Is anyone ever actually happy with database performance? I have never met a customer that wouldn't welcome better performance for so little outlay.
The failure rate of drives shouldn't be a huge concern, data is kept in redundant drives and replacing them is just a matter of routine maintenance. The data is typically worth considerably more than the drives it sits on, but several orders of magnitude.
Is anyone ever actually happy with database performance?
It depends on your access patterns and how large your active data set grows. Just because your entire DB is 5 TB doesn't mean anything. You could be running a forum where only the most recent 2 GB of posts are read by humans, most people are reading and not contributing, and the rest is trawled through by indexing bots.
I'm perfectly happy with all DB performance when the write load is reasonable, indexes are doing the right thing, and the working data fits into memory (which these days can be multi hundred GBs -- just pray to the gods of uptime you don't have to failover to a cold secondary server).
Exactly. The (stealthy) thing we're doing doesn't have much data at all since we're not doing anything with images or video.
Data for 1M users would be ~40GB, of which only 8GB of that would be relevant at any single point in time.

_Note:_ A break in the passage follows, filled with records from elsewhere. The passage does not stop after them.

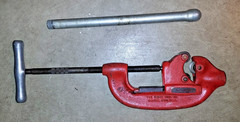 Rigid Heavy Duty Pipe Cutter No. 3-S 1&Prime;-3&Prime; with handle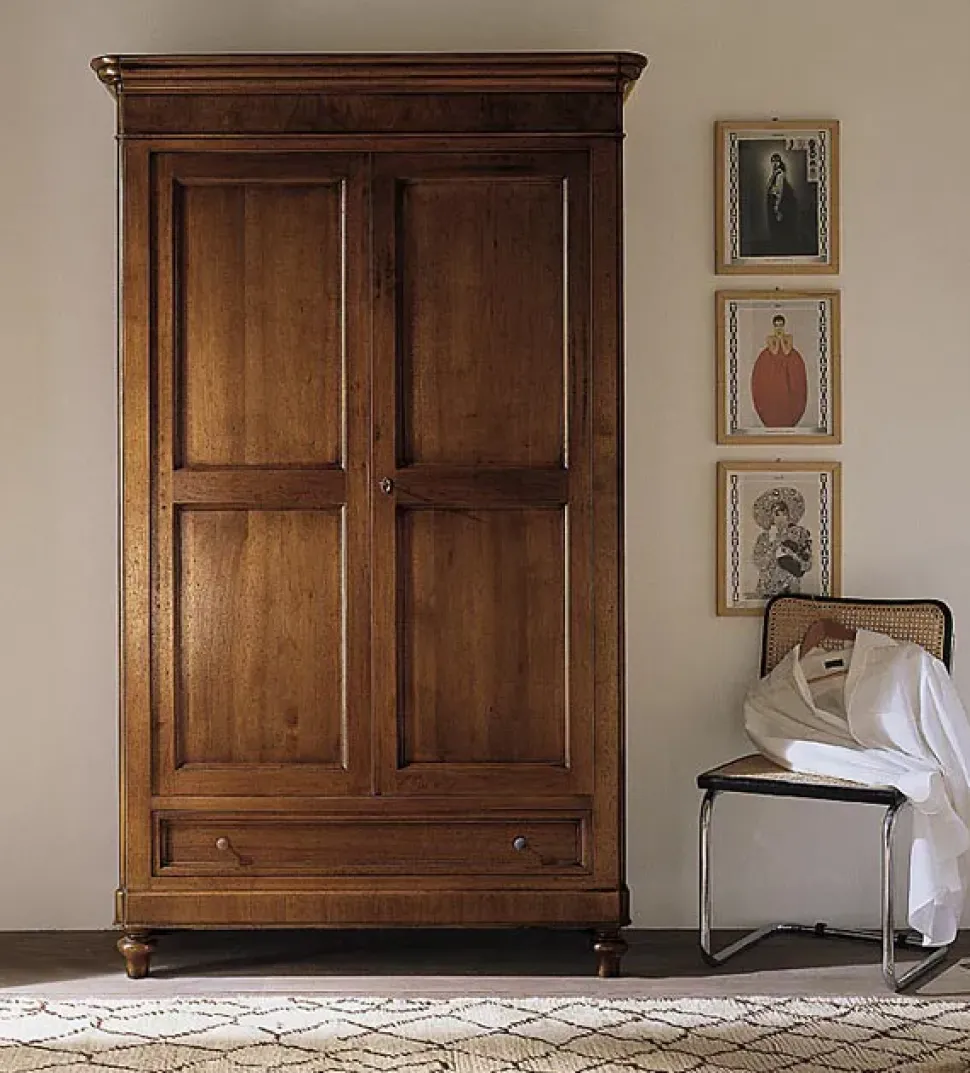 Armadio Stile 800-patinato noce scontato del -30 %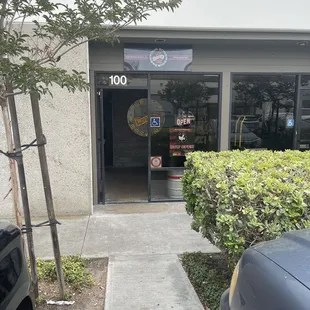 Don't let the Front Door &amp; Suburban Warehouse Complex vibe fool you!  Remember, you can't judge a book...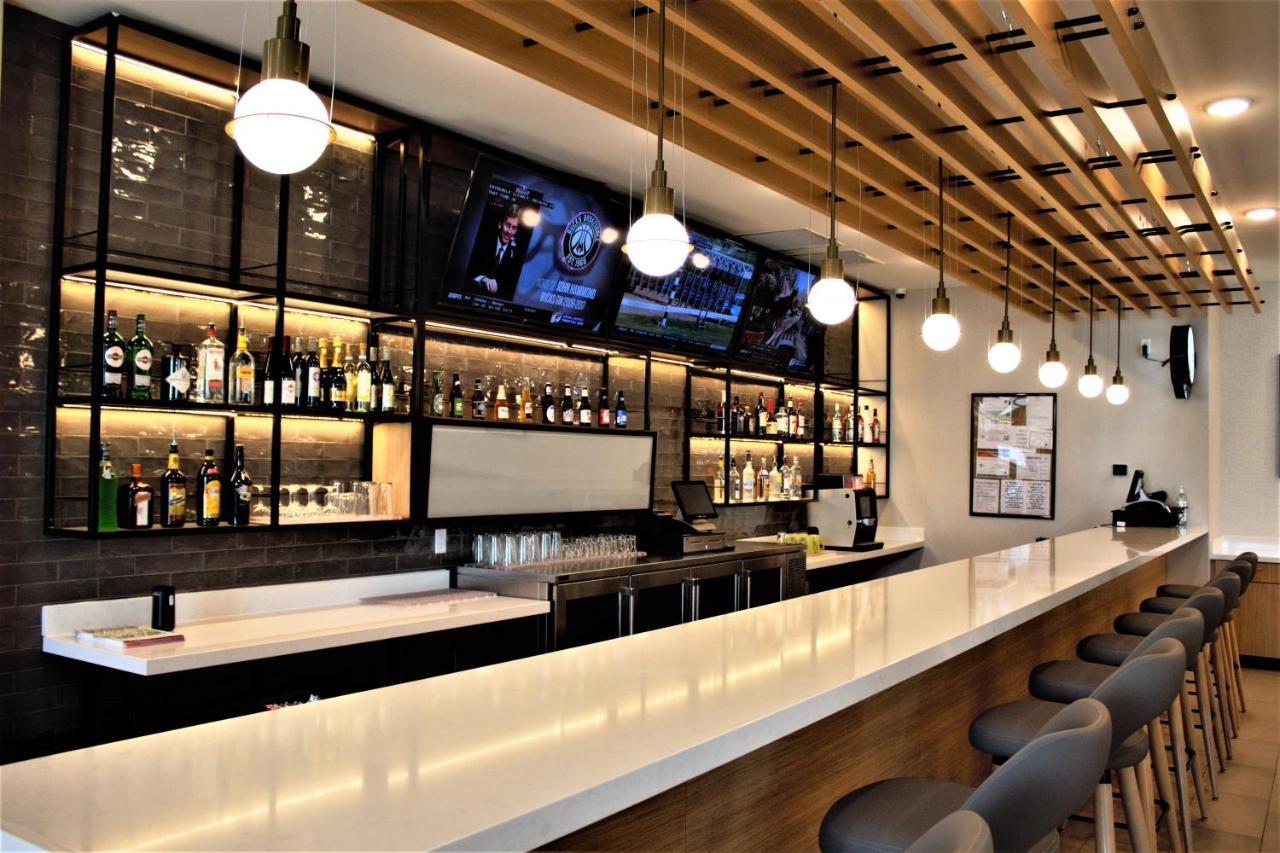 | Holiday Inn - Fort Worth - Alliance, an IHG Hotel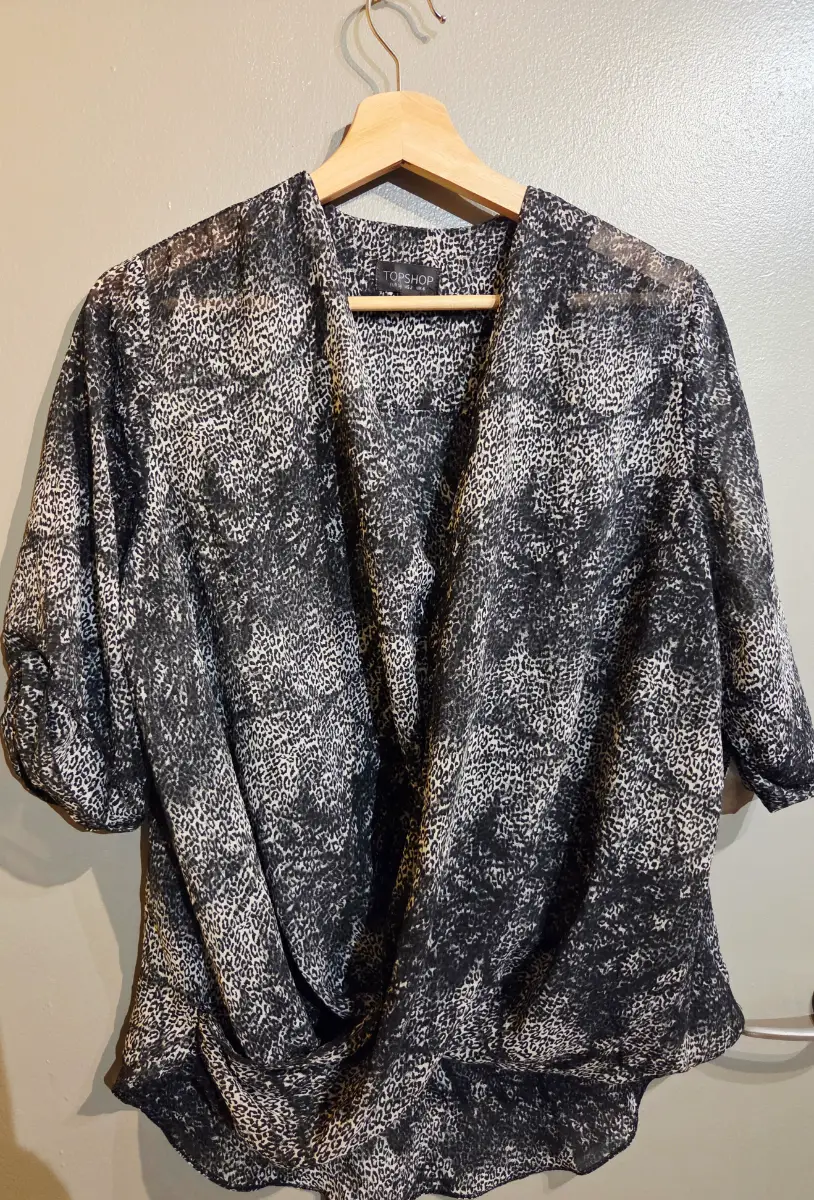 Topshop Silky Animal Print Drapey Shirt – UK 6 – Sheer Leopard, Back Train, Cuffed Sleeves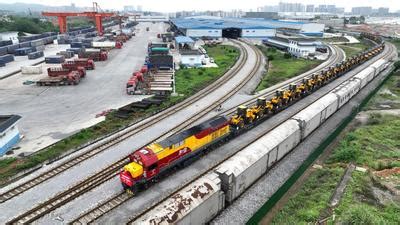 广西柳州：首趟企业定制中越跨境班列发车-人民图片网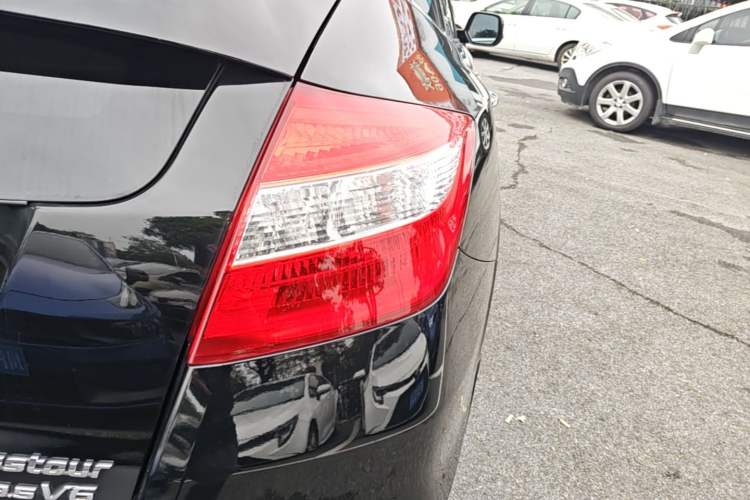 Used Honda Crosstour 2011 3.5L Flagship Edition Right Rear Taillight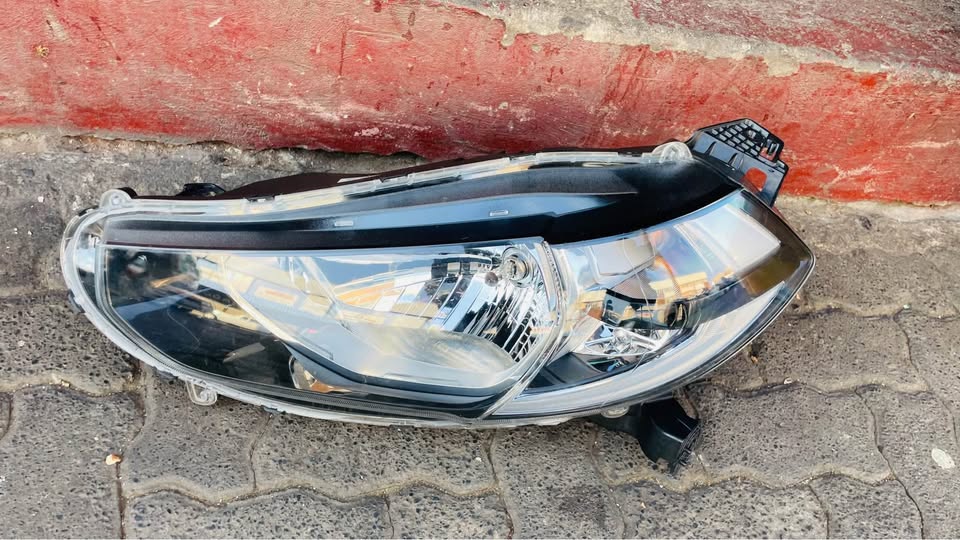HONDA WR-V headlight
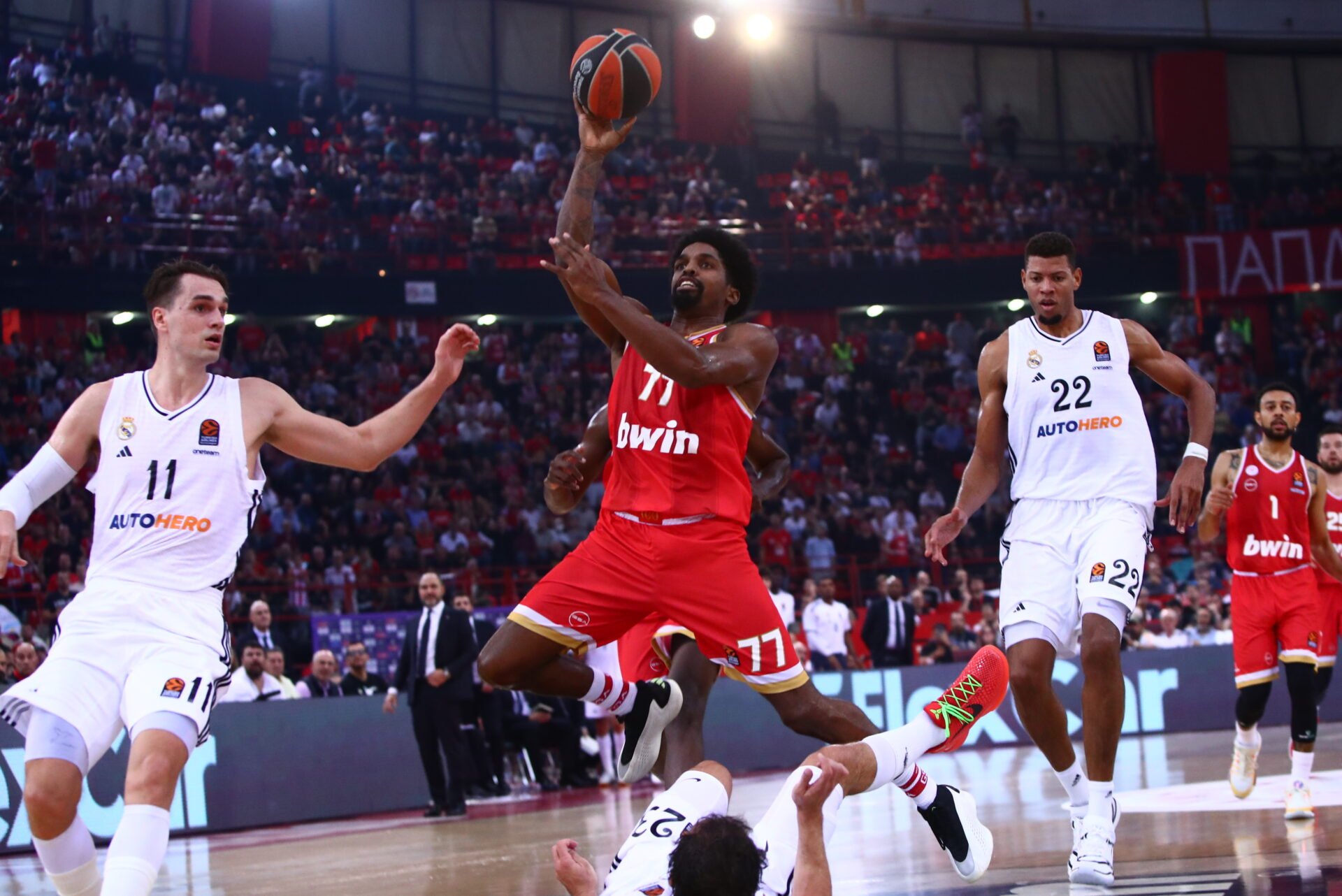 Euroleague: Azi se aruncă în luptă pentru Final 4 Olympiacos, împotriva Realului  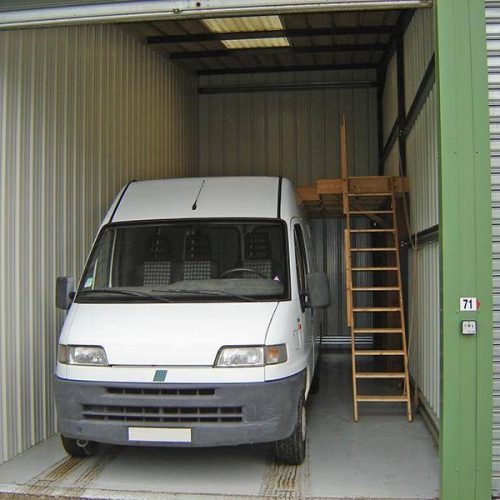 Grand Box avec fourgon et mezzanine du Boss du Stockage – SCI Luto Grand Box avec fourgon et mezzanine du Boss du Stockage - SCI Luto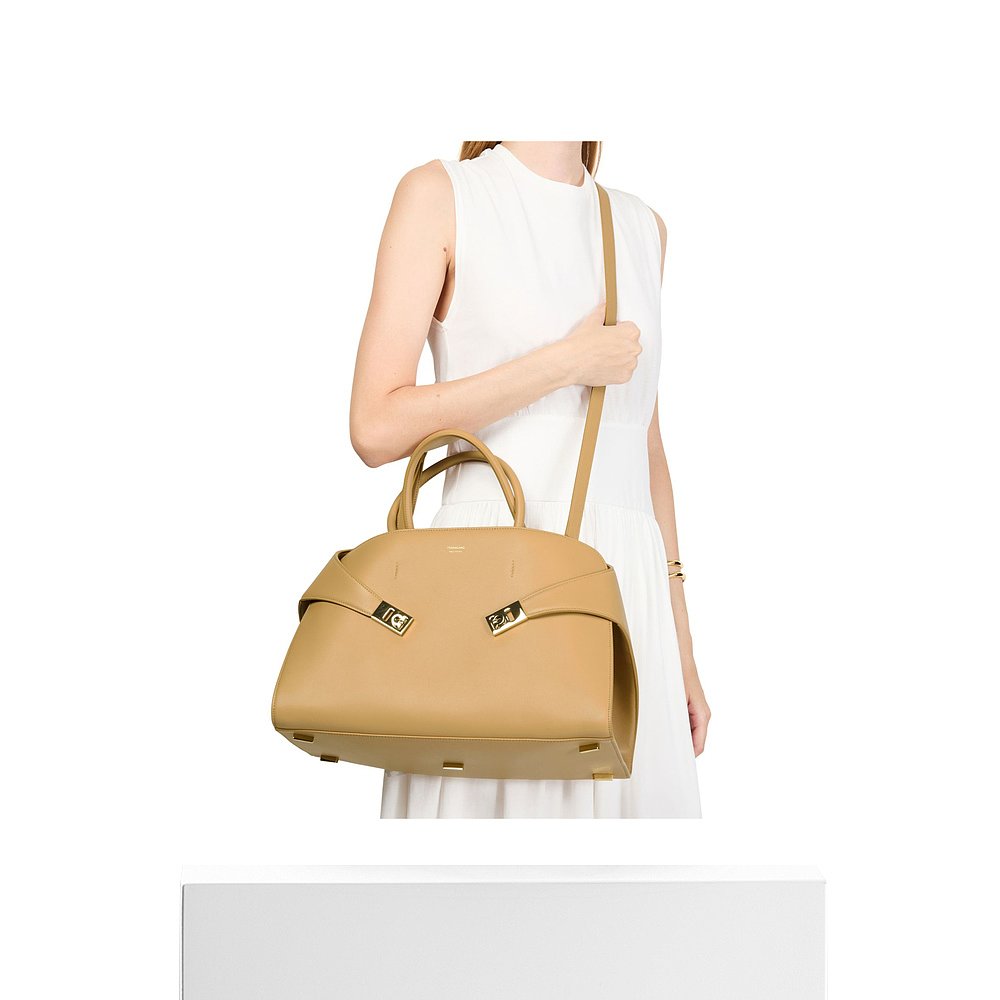 香港直邮Salvatore Ferragamo Hug 单肩包 FER2C48H - 图3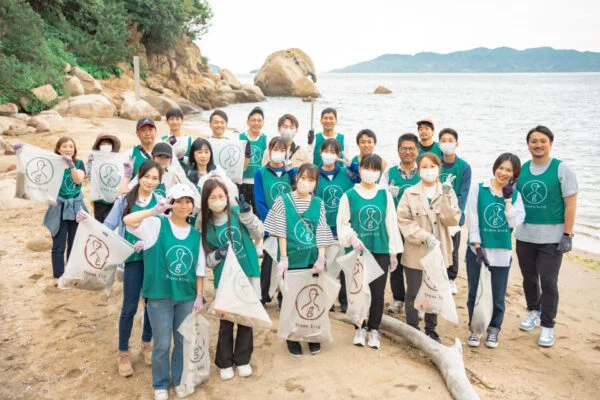 岡山離島プロジェクト（令和5年5月20日開催）〜 瀬戸内海の島でゴミ拾い。自然由来の化粧品ブランド ロクシタンが手がける自然保護活動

Well within the realms of in memory caching.
DB writes (our writes are batchy based on external events that we're not in control of) would be our biggest bottleneck but we offset them with MEMORY based mysql tables to hold the 'in progress' data and then update the disk based tables for all users in off-peak times.
We can speed up DB writes with more spindles, and then by an order of magnitude by moving to SSD(s). A single DB server at ~$5000 to handle the data for 10M users and, if necessary, a number of mysql slave servers. Subsequent scaling is just sharding.
Compared to the serving that data via HTTP[s] the DB side of our application is easy.
Multiple hundreds of gigabytes of RAM still costs a non-trivial amount of money; certainly it costs a lot more than SSD. You may see more bang for the buck with SSD in many applications.
The article acknowledged up-front that HDD may make sense if your working set fits into memory.
The failure rate of drives shouldn't be a huge concern, data is kept in redundant drives and replacing them is just a matter of routine maintenance. The data is typically worth considerably more than the drives it sits on, but several orders of magnitude.